I am given an exercise about the beta distribution, with a solution:
EXAMPLE 4.11 A gasoline wholesale distributor has bulk storage tanks that hold fixed supplies and are filled every Monday. Of interest to the wholesaler is the proportion of this supply that is sold during the week. Over many weeks of observation, the distributor found that this proportion could be modeled by a beta distribution with $\alpha = 4$ and $\beta = 2$. Find the probability that the wholesaler will sell at least $90\%$ of her stock in a given week.
Solution If $Y$ denotes the proportion sold during the week, then
$$f(y) =
\begin{cases}
\frac{\Gamma(4 + 2)}{\Gamma(4)\Gamma(2)}y^3 (1 – y), & 0 \le y \le 1, \\
0, & \text{elsewhere,}
\end{cases}$$
and
$$P(Y \lt .9) = \int_.9^\infty f(y) dy = \int_.9^1 20(y^3 – y^4)dy \\
= 20 \left\{ \left. \frac{y^4}4 \right]_.9^1 – \left. \frac{y^5}5 \right]_.9^1 \right\} = 20(.004) = .08.$$
It is not very likely that $90\%$ of the stock will be sold in a given week.
In this exercise they claim that $$\frac{\Gamma(4+2)}{\Gamma(4)\Gamma(2)}=20$$
without any explicit calculations of the integral. Moreover, it seems that the result is simply $(4+2-1)(4-1 + 2-1)=5*4=20$.

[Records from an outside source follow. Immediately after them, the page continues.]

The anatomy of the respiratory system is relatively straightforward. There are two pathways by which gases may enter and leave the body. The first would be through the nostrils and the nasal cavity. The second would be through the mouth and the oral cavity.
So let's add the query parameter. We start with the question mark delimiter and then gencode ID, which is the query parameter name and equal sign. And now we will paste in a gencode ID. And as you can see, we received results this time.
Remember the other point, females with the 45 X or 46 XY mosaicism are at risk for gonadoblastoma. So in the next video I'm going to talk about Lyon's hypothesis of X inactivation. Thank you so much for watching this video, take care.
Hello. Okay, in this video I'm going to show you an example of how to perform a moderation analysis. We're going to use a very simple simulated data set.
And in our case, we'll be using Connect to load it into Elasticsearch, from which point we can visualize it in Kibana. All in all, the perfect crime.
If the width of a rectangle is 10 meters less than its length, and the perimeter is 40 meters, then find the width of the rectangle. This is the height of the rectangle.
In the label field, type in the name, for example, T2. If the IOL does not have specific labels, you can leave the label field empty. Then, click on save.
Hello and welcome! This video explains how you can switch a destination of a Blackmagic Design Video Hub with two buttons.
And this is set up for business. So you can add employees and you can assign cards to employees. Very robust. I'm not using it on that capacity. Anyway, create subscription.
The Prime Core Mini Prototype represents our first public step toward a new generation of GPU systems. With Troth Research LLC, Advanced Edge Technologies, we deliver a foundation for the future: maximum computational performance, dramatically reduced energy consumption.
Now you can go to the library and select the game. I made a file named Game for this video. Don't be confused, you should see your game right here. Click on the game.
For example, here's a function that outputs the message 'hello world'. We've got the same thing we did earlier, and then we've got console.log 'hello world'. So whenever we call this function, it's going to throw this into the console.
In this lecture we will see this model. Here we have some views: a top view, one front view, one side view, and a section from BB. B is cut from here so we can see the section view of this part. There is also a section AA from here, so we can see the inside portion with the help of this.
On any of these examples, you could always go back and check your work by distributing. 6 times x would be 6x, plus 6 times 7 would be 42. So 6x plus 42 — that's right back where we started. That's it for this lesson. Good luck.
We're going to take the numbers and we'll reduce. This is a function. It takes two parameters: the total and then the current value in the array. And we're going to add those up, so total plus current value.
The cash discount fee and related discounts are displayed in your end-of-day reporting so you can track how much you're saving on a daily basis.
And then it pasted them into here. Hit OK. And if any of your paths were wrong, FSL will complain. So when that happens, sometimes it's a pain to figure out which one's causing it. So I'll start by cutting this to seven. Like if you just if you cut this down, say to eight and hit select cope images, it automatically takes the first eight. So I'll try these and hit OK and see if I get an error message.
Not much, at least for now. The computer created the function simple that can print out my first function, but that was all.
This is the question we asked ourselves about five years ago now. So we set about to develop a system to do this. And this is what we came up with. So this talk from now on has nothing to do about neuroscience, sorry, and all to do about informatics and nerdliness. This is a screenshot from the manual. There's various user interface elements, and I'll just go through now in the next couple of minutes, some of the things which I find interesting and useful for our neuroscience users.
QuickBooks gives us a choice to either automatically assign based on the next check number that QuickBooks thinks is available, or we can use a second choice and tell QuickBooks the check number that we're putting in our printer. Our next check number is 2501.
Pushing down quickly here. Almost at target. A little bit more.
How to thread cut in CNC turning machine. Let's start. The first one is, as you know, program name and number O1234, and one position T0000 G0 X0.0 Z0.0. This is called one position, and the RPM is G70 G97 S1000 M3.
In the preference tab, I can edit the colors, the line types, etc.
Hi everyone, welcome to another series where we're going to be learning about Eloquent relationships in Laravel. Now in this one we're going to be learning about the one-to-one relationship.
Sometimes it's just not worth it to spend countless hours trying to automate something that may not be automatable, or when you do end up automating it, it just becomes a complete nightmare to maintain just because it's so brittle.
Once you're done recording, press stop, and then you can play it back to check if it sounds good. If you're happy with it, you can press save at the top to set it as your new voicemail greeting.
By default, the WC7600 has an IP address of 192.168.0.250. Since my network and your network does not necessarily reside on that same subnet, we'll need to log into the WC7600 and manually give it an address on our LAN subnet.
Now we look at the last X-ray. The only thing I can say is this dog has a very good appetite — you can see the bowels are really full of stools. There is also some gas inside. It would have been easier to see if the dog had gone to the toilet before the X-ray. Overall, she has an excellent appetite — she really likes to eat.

What shortcut did they use to compute the gamma distribution without the need for explicit computation?
Best Answer
$$ \Gamma(z+1) = z\Gamma(z) $$
That means
$$ \frac{\Gamma(4 + 2)}{\Gamma(4)} = \frac{5\Gamma(4 + 1)}{\Gamma(4)} = \frac{4\times 5 \Gamma(4)}{\Gamma(4)} = 20 $$